Against a backdrop of ongoing Israeli settlement-building on Palestinian land, and a Trump administration that is pushing a peace plan that hurts Palestinian interests, Abbas won a rare bright moment in the global spotlight.
Abbas led a delegation from Ramallah to United Nations headquarters on Tuesday for a ceremony to mark a shiny new Palestinian achievement – assuming the chairmanship of a UN bloc of some 130 mostly developing nations.
It is not the biggest job on the world stage, but Palestinian diplomats will now play a useful role on such global issues as climate change and migration, working alongside heavyweights like China, Brazil and Indonesia.

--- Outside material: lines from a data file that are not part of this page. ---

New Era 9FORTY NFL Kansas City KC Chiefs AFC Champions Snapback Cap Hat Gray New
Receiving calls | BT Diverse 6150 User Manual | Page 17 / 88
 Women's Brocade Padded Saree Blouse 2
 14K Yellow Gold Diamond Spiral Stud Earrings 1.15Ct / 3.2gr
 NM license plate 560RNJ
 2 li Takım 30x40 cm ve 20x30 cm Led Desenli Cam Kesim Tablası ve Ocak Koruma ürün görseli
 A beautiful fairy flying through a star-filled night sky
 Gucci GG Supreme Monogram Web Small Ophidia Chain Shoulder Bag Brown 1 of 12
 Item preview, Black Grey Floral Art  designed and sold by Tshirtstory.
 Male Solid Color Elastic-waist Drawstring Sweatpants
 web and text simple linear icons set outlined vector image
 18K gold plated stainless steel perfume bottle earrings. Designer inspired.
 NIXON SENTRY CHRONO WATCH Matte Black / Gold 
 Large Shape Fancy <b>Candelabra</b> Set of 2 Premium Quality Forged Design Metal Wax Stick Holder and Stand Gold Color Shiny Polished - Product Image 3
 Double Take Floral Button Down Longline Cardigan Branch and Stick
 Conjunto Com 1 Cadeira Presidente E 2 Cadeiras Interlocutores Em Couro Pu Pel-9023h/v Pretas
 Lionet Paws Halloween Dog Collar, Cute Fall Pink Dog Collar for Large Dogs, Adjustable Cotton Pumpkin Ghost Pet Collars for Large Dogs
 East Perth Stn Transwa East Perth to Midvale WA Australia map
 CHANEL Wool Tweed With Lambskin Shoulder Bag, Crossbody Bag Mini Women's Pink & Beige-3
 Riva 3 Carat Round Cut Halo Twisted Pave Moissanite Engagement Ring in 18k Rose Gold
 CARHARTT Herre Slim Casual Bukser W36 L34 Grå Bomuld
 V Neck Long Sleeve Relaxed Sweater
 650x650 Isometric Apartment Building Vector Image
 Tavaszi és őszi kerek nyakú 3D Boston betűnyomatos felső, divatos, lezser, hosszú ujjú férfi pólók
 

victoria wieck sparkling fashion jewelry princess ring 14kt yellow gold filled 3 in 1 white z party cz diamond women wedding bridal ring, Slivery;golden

It was the first time anything other than a full UN member state had won the privilege. The honour that was conferred by the UN General Assembly last year, despite objections from Israel and the United States.
Speaking with Gli Occhi della Guerra and other journalists afterwards, Palestinian foreign minister Riyad al-Maliki said the diplomatic push did not end there. The Palestinians would launch a bid for full UN membership within weeks, he said.
While Palestine had its status at the UN upped to “non-member state” in 2012, it has long discussed another upgrade to full membership which, officials say, would merely reinforce the two-state solution that Palestinians and Israelis have been negotiating for years.
But securing full UN membership has a higher bar. The Palestinians would need nine votes in favour of the upgrade in the Security Council and no vetoes from one of its permanent members – which include Israel’s closest ally, the US.
On Friday, Palestinian hopes came crashing back down to earth.
In uncharacteristically blunt language, the UN secretary-general Antonio Guterres questioned aloud why Abbas would even bother going to the UN’s top table when a veto from the Trump administration was a near certainty.
“We know what the result would be,” Guterres told reporters.
It was doubtless true, and rather obvious to all the journalists in the room. But nevertheless, those words could have only injected gloom into the conference rooms were Abbas, Maliki and other Palestinian officials hatch their plans.
These are dark days for Palestinian officials. Israeli politicians are increasingly hawkish, some openly reject the goal of an independent Palestinian state. They act under the cover of US President Donald Trump, who appears to have their backs.
In two years in the West Wing, Trump has shifted the US embassy in Israel to Jerusalem over Palestinian objections. Funding to Palestinians was cut, and a peace plan that may be released after Israeli elections on April 9 could well be woefully short on sweeteners for Palestinians.
All the while, Ramallah’s friends in Saudi Arabia, the United Arab Emirates and Egypt are more focussed on Iran’s regional ambitions than they are on a seven decade-old territorial dispute with Israel, which is equally wary of Tehran.
Last time the Palestinians pushed for full UN membership in 2014 they could not get enough votes. This time, Israel’s UN ambassador Danny Danon vowed to work behind the scenes and “stop the initiative” in its tracks.
Abbas’s real problem, however, is not in New York, Riyadh or Washington. It is at home. The Palestinians are weakened by the gulf between Abbas’ party, Fatah, which controls the West Bank, and Hamas, the Islamists who run Gaza.
Abbas’ term expired in 2010, he has governed unelected since then. About two-thirds of Palestinians want him to resign, frustrated with graft, perceived cooperation with Israel and at how little the 83-year-old has to show for for 14 years at the helm.
These concerns were raised by Diana Buttu, a former Palestinian negotiator, when she spoke with Gli Occhi della Guerra about Abbas, his visit to New York and his effort to get the word “Palestine” lit up on desks at UN parleys.
By grandstanding at the UN, Abbas may boost his flagging poll ratings, but his diplomatic wins are really just “cosmetic”, she said. They make Palestine look like a state, without actually being a state.
Buttu likens the push for full UN membership to the Palestinian postal service, which was set up in 1994 thanks to the Oslo Accords with Israel. Palestinian stamps are “really pretty” and stoke feelings of national pride, she said.
“The question is, will the letter ever arrive at its destination? The answer is no, because Israel owns the post office and controls the movement of post,” Buttu told Gli Occhi della Guerra. “Yes, we have a post office now, but the letters will never arrive.”